The 2 recruit, 1 FTO training model is interesting, and I had never heard of it until I started working in this summer in Boston. Is this a common training program for the rest of EMS?

Seems like a great idea, the two recruits don't shadow their respective roles (driver/attendant), they are actually doing it, instead of trying to figure out how to fit in as the "third."

I hope they have another class soon, more 911 overflows for me!


----------



## Handsome Robb (Nov 4, 2011)

Tigger said:


> Is this a common training program for the rest of EMS?



Not here. TAIs (Temporary Authorized Intermediates) ride as a 3rd on the truck acting as the I. The main I on the truck is just there for backup if the TAI freaks out. TAI is 4 weeks in length + 2 days of classroom stuff prior to the field + a 3 day orientation.

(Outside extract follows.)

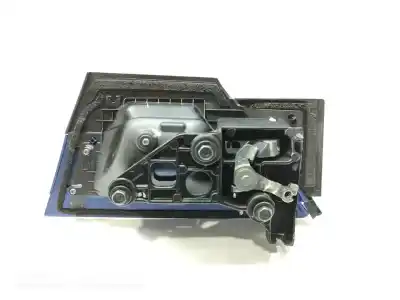 Автозапчастина б/у завнішня ручка задня ліва для toyota c-hr (x10) hybrid active 122 cv / 90 kw посилання на oem iam 69240f4010j0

TAPs (I'll let you figure out what that stands for  ) just ride with an FTO and attend 100% of the calls, so it's a P/P truck. TAP lasts 6-8 weeks + a week of classroom protocol tests, equipment familiarization, scenarios + a 3 day orientation.


----------



## Tigger (Nov 4, 2011)

NVRob said:


> Not here. TAIs (Temporary Authorized Intermediates) ride as a 3rd on the truck acting as the I. The main I on the truck is just there for backup if the TAI freaks out. TAI is 4 weeks in length + 2 days of classroom stuff prior to the field + a 3 day orientation.
> 
> TAPs (I'll let you figure out what that stands for  ) just ride with an FTO and attend 100% of the calls, so it's a P/P truck. TAP lasts 6-8 weeks + a week of classroom protocol tests, equipment familiarization, scenarios + a 3 day orientation.



Yea that's how it is where I am. I love working with an FTO, I do almost nothing but still get to sit in the front seat! If the 3rd rider isn't handling something well the FTO will just ask him to step back and the FTO and I will deal with the rest of the call and then we'll debrief later.


----------